Comment by cousin_it
7 hours ago
Yeah. Even more than that, I think "prompt injection" is just a fuzzy category. Imagine an AI that has been trained to be aligned. Some company uses it to process some data. The AI notices that the data contains CSAM. Should it speak up? If no, that's an alignment failure. If yes, that's data bleeding through to behavior; exactly the thing SQL was trying to prevent with parameterized queries. Pick your poison.
> The AI notices that the data contains CSAM. Should it speak up? If no, that's an alignment failure. If yes, that's data bleeding through to behavior; exactly the thing SQL was trying to prevent with parameterized queries.
You can handle the CSAM at another level. There can be a secondary model whose job is to scan all data for CSAM. If it detects something, start whatever the internal process is for that.
The "base" model shouldn't arbitrarily refuse to operate on any type of content.
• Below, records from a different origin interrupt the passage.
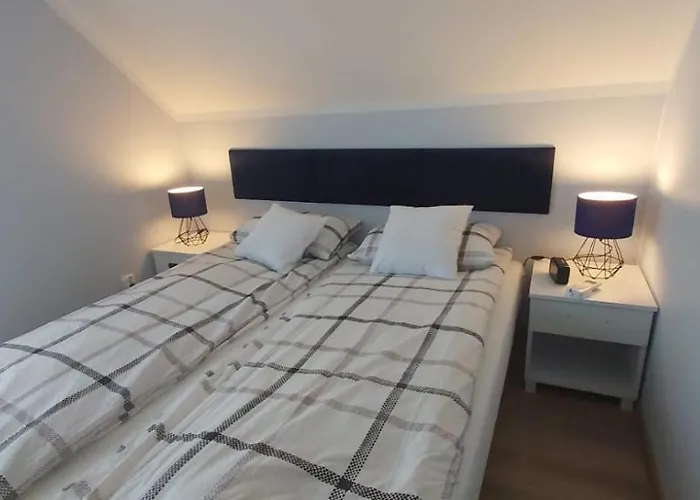 Puszek Деревянный коттедж Леба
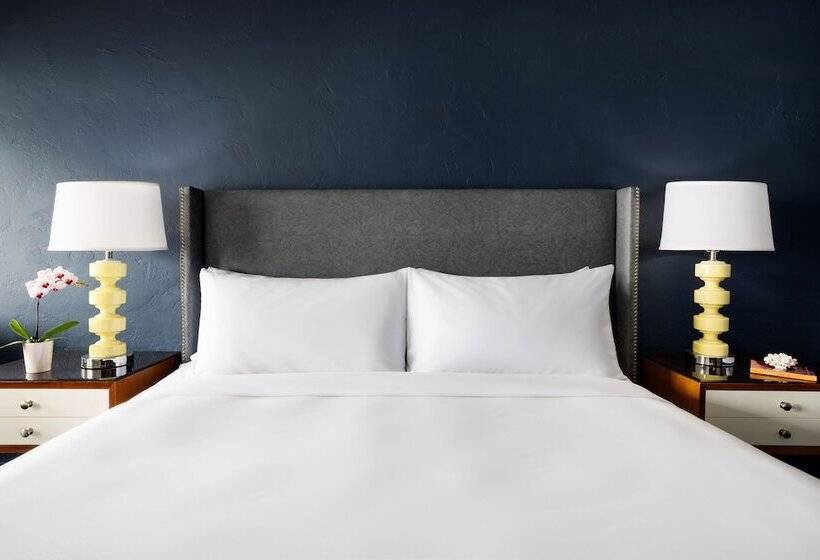 غرفة بريميوم مطلّة علي البحر, Monterey Beach Hotel, A Tribute Portfolio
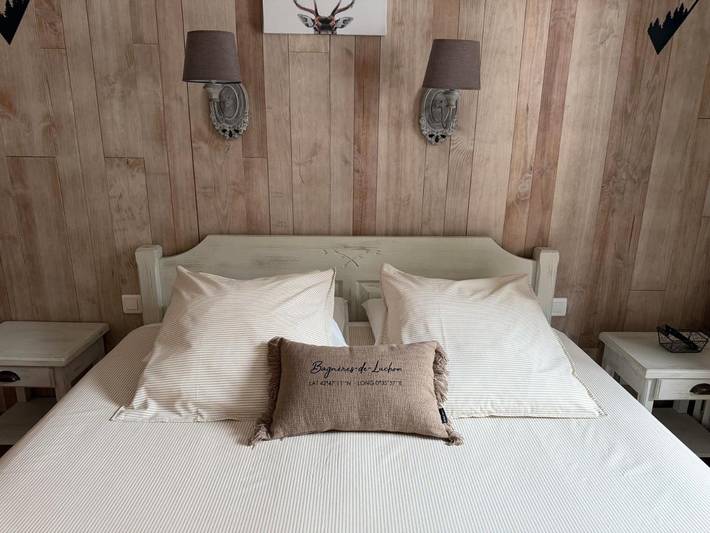 Chambre d’hôte pour 2 personnes, avec Jacuzzi et Terrasse à Bagnères-de-Luchon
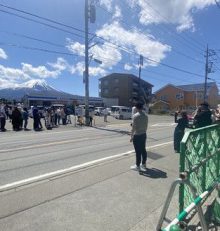 Excédée par les incivilités des touristes, une ville installe un filet noir géant pour bloquer la vue du mont Fuji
Among other things... what happens if NCMEC wants to use AI in their operations? What happens if you're the DoJ trying to find connections in the unredacted Epstein files?
We want a human level of discretion.
Organizations struggle even letting humans use their discretion. Pretty much every retail worker has encountered a rigidly enforced policy that would be better off ignored in most cases.
Yes, because humans would never fall for instructions embedded in data. If they did we'd surely have a name for something like that ;)
By the way, when was the last time you looked out of your window?